Picture it, it’s a completely calm day out as you walk up to the green yet you notice the flag is not drooping, but stiffly standing parallel to the ground. And in fact, there’s an advertisement for Joe’s Bar and Grill on it with a coupon code for a half-price burger if you mention the name of the golf course. How would that make you feel? Would it cheapen the serene beauty and intense competition you are embroiled in? Would you lose focus as you are hovering over that four-footer for the match?
I think not. I don’t have any problems with a little sponsorship on the golf course. And neither does Rockford based Midwest Golf Managment (looks like a division of a company called Fetelli). They’ve invented a flag that is about half rigid and half fluid called the Ad Flag. On the rigid half you can put your course name or an advertisement and you never have to be concerned about it being obscured on a calm day when the flag droops. But, it still retains some of the features of a loose flag because half of the flag flaps in the wind.
I read an article about this in Golf World. The little article talks about the interesting take on income opportunities that Midwest Golf Management has. They propose charging the advertiser on an advertising-view basis that is positive Google-ish. You, as the golf course owner, go to the potential advertiser and say, “I get 20,000 paid rounds per year on my golf course so I can guarantee that many sets of eyeballs on your advertisement annually if you sponsor an Ad Flag on my first hole. In fact, I will only charge you for each “view” so you only pay $0.08 per view.”
Check out the link and let me know what you think. Sounds reasonable to me I guess. You can see for yourself if you play a Rockford park district course his summer, because they’ve apparently incorporated it on their greens. The industry has been doing it for years on tee markers, but may not be using the “advertising view” model to charge advertisers. Heck, if it makes the industry healthier, I’m all for it, because this sponsorship model is here to stay.
April 26th, 2007 at 8:07 am
This makes me SICK!!! I do not like the idea of subisidizing the industry, based on THEIR overbuilding in the 90’s. On a calm day I want to see that flag flacid and stiff on windy days.
Sorry I am so fired up about this, I am just tired of seeing public golf courses that are managed poorly because the person running the show is very good at hiting 3 irons and not so good from a business sense!!
Golf courses have a plethra of money making opportunities available to them through consessions and merchandising that most squander away because they are too lazy to do market research and come up with unique idea’s to increase the golfers overall spend at the course.
Stop selling Pro-V’s for $60/dozen when I can get them at Dicks for $39 and you may actually make a couple of bucks in that completely under utilized and mismanaged retail space called the ProShop.
Come up with a unique food like a “Bearclaw Burger” and make your course known for more than the golf holes. How about customer appreciation day for loyal and regular patrons (geez you have their contact info from tee-times and credit card swipes)!!

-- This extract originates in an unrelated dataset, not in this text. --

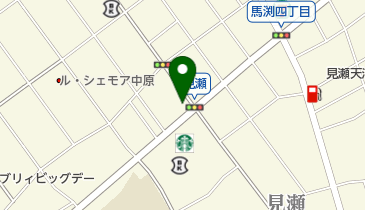 オートベル 静岡見瀬店の地図画像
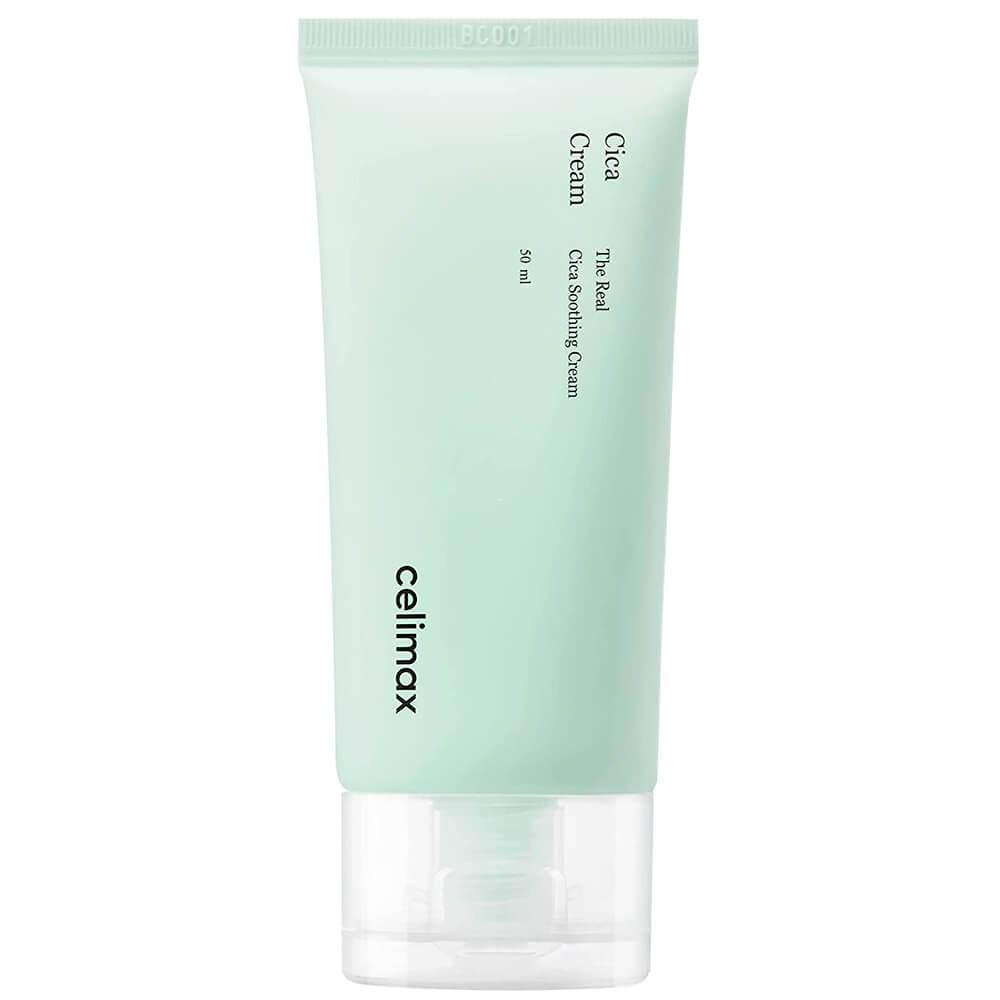 Лёгкий безмасляный крем с экстрактом центеллы Celimax The Real Cica Soothing Cream, 50 мл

Sorry - Not ready to turn my local daily fee course to a freaking NASCAR speedway just yet!!!!!!!
April 26th, 2007 at 8:10 am
Ah, there’s the fire in the belly that I like to see. You raise a ton of great points that I will respond to later. Thanks for caring! Let’s see if anyone else chimes in on this.

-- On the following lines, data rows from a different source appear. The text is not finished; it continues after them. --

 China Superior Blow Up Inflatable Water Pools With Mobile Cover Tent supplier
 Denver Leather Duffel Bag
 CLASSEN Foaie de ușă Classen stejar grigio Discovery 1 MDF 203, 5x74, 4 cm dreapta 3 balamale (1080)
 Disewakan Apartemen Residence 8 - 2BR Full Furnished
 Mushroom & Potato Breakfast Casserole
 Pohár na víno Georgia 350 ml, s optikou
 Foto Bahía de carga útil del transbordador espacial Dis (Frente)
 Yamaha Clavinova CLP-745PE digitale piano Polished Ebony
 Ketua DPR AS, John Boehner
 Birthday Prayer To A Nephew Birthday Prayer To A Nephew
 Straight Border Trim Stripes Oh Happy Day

April 27th, 2007 at 12:44 pm
I have to admit that when I play a course where the tee markers have the advertising for local businesses like plumbers, realtors and D.U.I defense attorneys, I really knock the course down a few pegs in my review. In fact, I don’t even like it when they have little advertising on the back of the score card. Am I an elitist? I prefer to think of myself as a purist. Lump me with the golf enthusiasts that eschew the use of logo decorated golf balls. Imagine saving your hole in one ball for the rest of your life with the Enron logo plastered all over it.
On a related note, some predict real commercial advertising opportunities by spray painting the grass on the fairway in billboard sized banners. Woe to those who pooh pooh the slippery slope!
April 27th, 2007 at 1:25 pm
Wow, you guys make compelling cases for something that I was ready to consent to. I just may have a little higher threshold for sponsorship intrusions. It could because I benefit to a certain extent from sponsor driven things (for example, this blog is hosted completely free on a sponsor-supported Google site).
I am going to be more attentive to this, but I think some level of sponsorship creeping into our golf experience is inevitable so part of me just wants to learn to deal with it. The question will be where do you draw the line? Painting something that is naturally occurring (like grass), is unconscionable and I would revolt. But tee markers, fine with me. The flag, that’s starting to intrude a little.
I will hopefully get to Rockford for a round of golf and I will let talk more about it.